:: What is expected ::
Below are entries; repeat exactly, and nothing else, the lines from the one holding "Gorgeous leather and" through the one holding "Dark wash organic", inclusive. Leave the pictures out.

:: Records provided ::
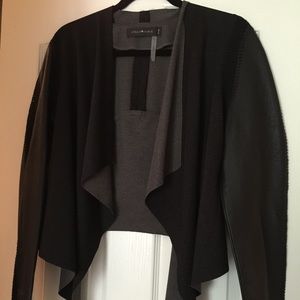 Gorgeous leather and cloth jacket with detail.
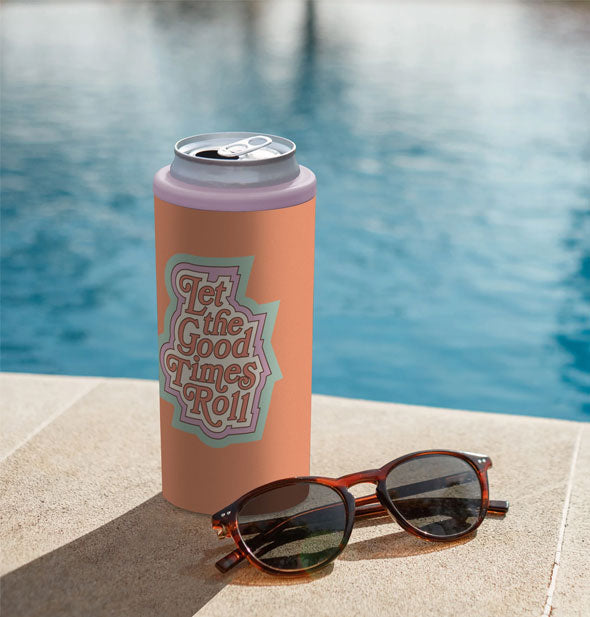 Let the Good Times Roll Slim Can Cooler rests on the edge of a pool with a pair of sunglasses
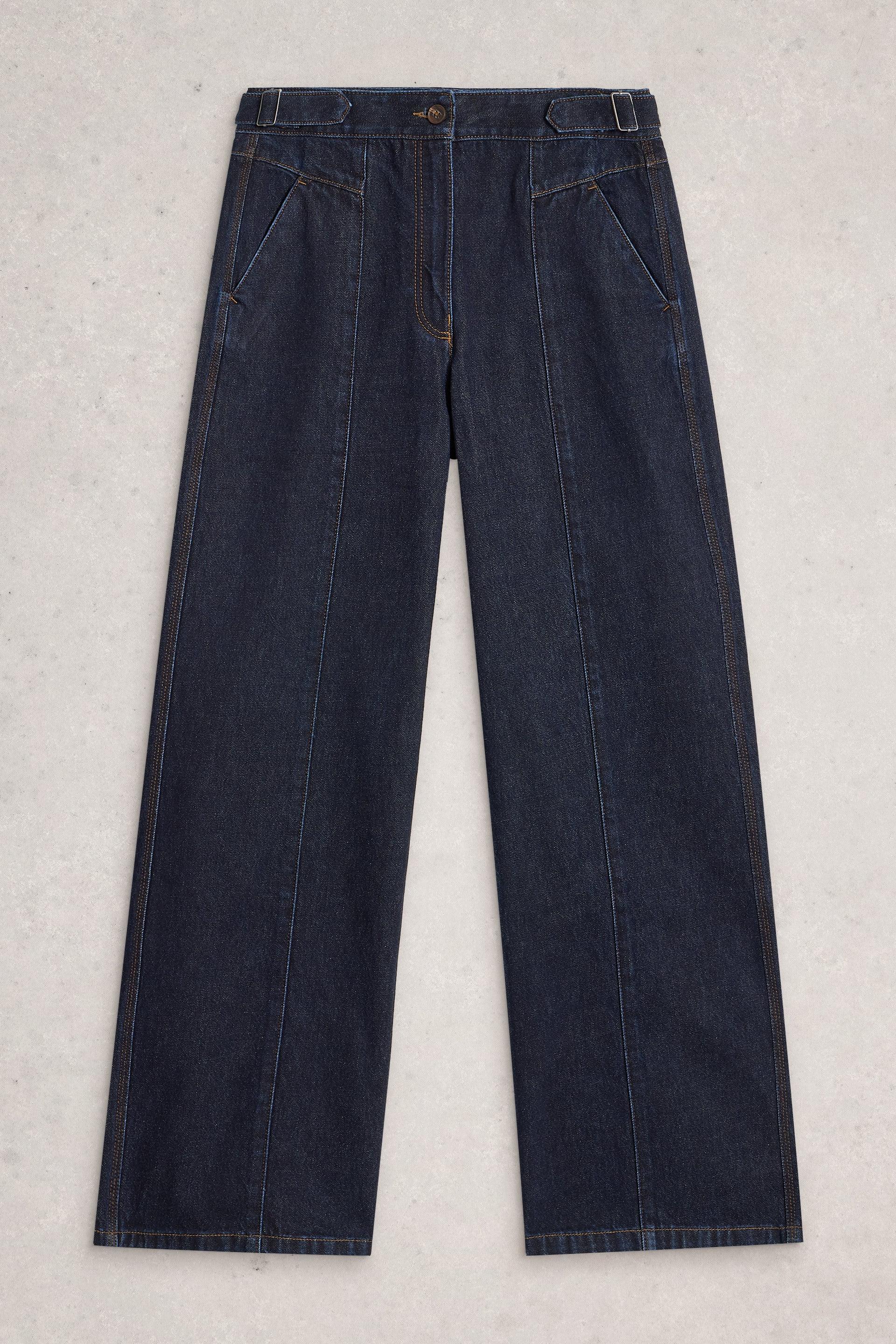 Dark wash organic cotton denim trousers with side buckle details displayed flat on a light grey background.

---

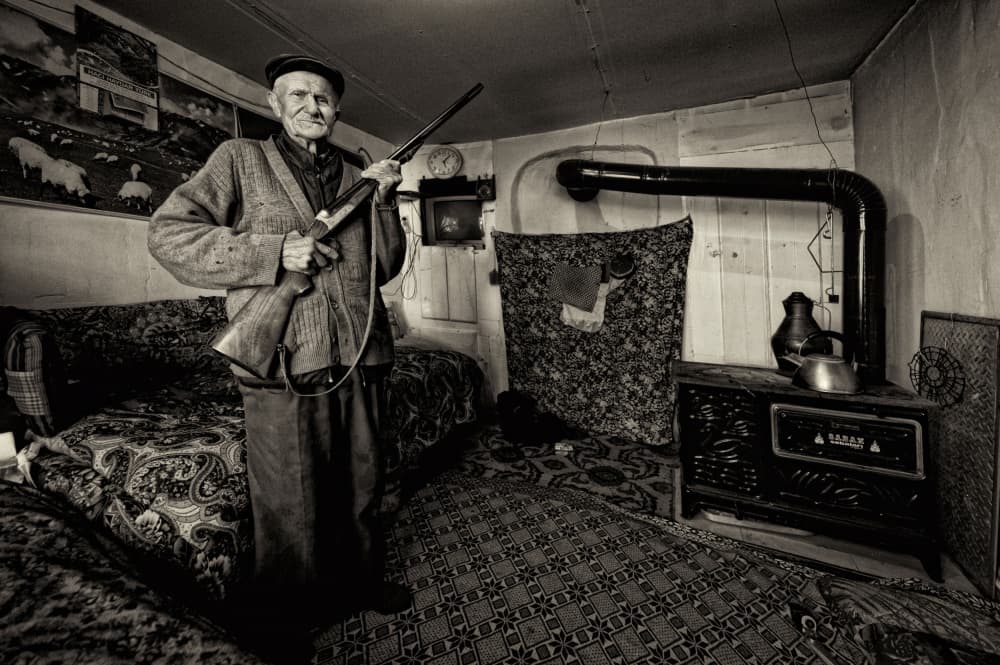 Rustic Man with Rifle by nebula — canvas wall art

==

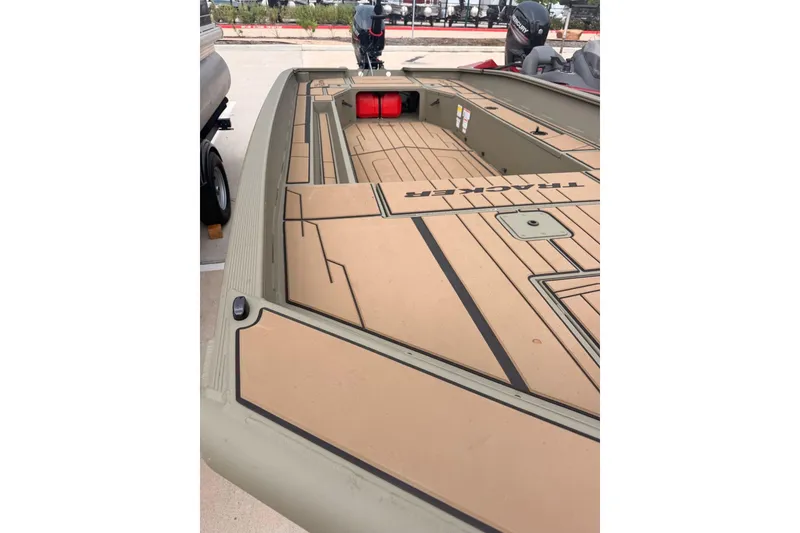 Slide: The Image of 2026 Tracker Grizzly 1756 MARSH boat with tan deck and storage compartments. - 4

:: Reply ::
 Gorgeous leather and cloth jacket with detail.
 Let the Good Times Roll Slim Can Cooler rests on the edge of a pool with a pair of sunglasses
 Dark wash organic cotton denim trousers with side buckle details displayed flat on a light grey background.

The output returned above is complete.